Stocks rose significantly last week as Wall Street tried to judge the likelihood that a new stimulus package aimed at supporting the U.S. economy would be passed. Both the Dow Jones Industrial Average and the S&P 500 gained over 3%. That put the Dow back in positive territory for the year, while the S&P is up nearly 8%.

Several big-name companies are set to make headlines over the next few trading days, including Johnson & Johnson (JNJ 0.06%), Bank of America (BAC -0.05%), and Apple (AAPL -0.82%). Below, we'll look at the key trends that might send their stocks moving this week.

A scientist performing clinical research.

Image source: Getty Images.

Johnson & Johnson's vaccine update

Tuesday's earnings report by Johnson & Johnson should answer some important questions for investors. The healthcare titan is in the running (along with several other drugmakers) for securing orders to produce a coronavirus vaccine that might draw unprecedented demand over the next year. CEO Alex Gorsky told shareholders back in July that the company has dedicated some of its best assets toward that goal, and we will hear more details on its progress this week.

In the meantime, Wall Street is expecting to see a modest sales decline for the fiscal third quarter: an improvement over the 11% sales slump it reported for Q2. Johnson & Johnson should announce sequential sales growth overall, but particularly in the medical device segment, which shrank while consumers around the world put off elective procedures during the outbreak's initial phases. Returning stability in this division might persuade management to boost its 2020 forecast.
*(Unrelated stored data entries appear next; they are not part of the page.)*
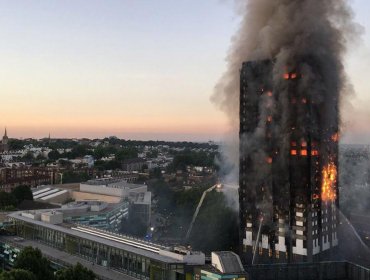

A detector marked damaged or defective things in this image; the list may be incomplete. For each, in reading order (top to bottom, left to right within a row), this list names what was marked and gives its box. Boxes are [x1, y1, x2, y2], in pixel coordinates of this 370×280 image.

damaged cladding [240, 57, 338, 264]
charred building facade [238, 59, 340, 264]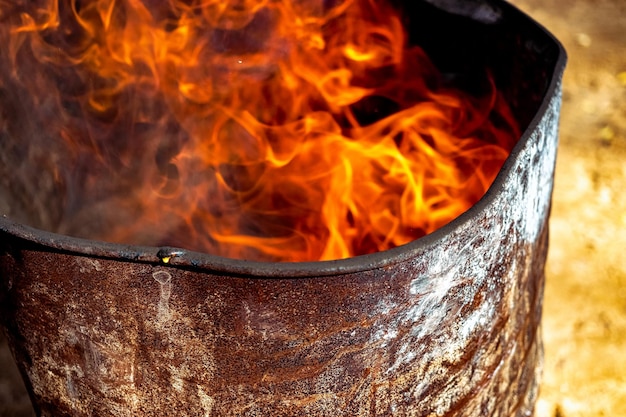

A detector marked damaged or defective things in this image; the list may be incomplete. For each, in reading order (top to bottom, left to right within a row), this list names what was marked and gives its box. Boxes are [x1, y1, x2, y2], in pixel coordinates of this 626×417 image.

charred metal rim [0, 2, 564, 280]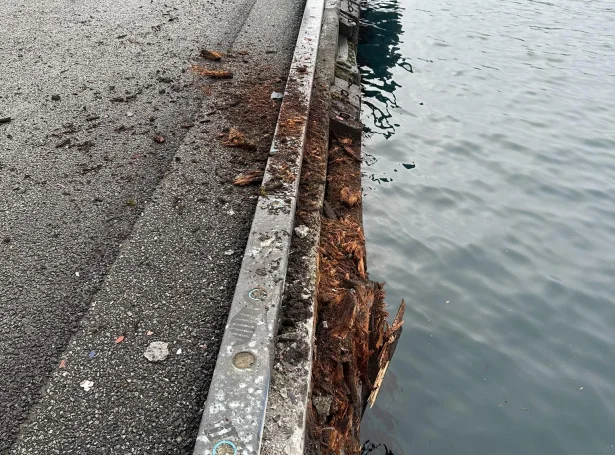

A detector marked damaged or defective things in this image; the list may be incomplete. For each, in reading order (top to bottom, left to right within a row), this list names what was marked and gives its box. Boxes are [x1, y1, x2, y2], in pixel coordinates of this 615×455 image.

damaged pier edge [192, 0, 328, 455]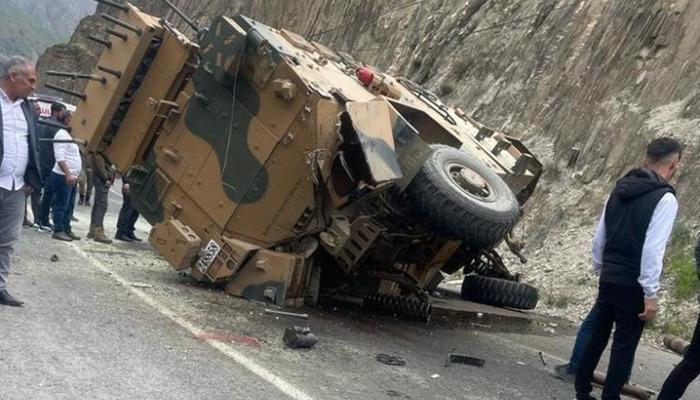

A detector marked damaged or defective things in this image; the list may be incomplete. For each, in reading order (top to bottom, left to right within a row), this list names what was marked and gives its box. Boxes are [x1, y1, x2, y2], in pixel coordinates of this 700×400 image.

overturned military vehicle [57, 0, 544, 318]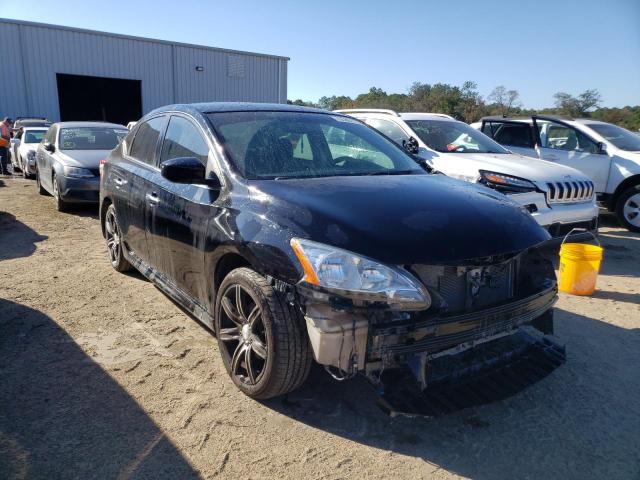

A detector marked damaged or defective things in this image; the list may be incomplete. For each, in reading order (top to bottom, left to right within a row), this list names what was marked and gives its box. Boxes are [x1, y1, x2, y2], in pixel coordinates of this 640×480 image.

broken headlight assembly [478, 171, 536, 193]
broken headlight assembly [290, 237, 430, 312]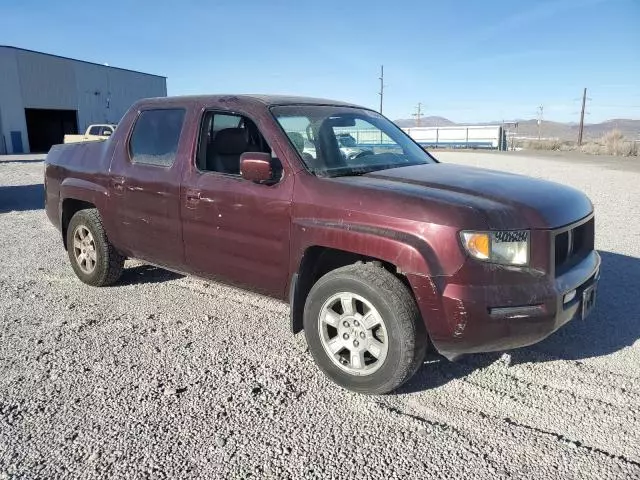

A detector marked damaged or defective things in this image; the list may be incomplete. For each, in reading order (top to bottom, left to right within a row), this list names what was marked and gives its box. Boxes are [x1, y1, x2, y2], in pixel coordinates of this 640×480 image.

Johnson & Johnson currently predicts roughly flat organic sales for the broader business this year.

Apple's iPhone plans

Apple is hosting an event on Tuesday morning that's expected to include an announcement of a major refresh of its powerhouse iPhone lineup. Details about the announcement are lacking, as usual, but most investors expect to see multiple new smartphone models with faster 5G download speeds. Apple might also announce new headphones to build on the early success of its AirPods line.

CEO Tim Cook may take the opportunity to update the world on demand trends for Apple's core products. The presentation will focus on the iPhone franchise, which still accounts for the majority of sales. But look for executives to also detail their progress in making the company a more services-oriented business by building up offerings like Apple TV, Apple Pay, and Apple Music.

Bank of America's economic update

Investors have low expectations heading into Bank of America's Wednesday announcement. The business suffered from historic strains in the second quarter, and those pressures likely moderated only slightly over the last few months.

CEO Brian Moynihan in mid-July called the April-through-June quarter the "most tumultuous period since the Great Depression." Collapsing economic activity triggered sharp increases in credit losses, leading to a 58% slump in pre-tax profit. Stripping out the provision for expected loan losses, pre-tax earnings still declined by 9%.

The subsequent growth rebound likely reversed much of that financial hit. Thus, look for Moynihan to highlight improvements in provisional loss predictions along with a steadily growing base of consumer deposits on Wednesday.

But investors are still concerned about the long-term effects of ultra-low interest rates and a potentially stubborn recession that lasts well into 2021. Aggressive government fiscal stimulus supported the economy through the initial phase of COVID-19 shutdowns and could help again. But unemployment remains elevated at the start of the final quarter of the year.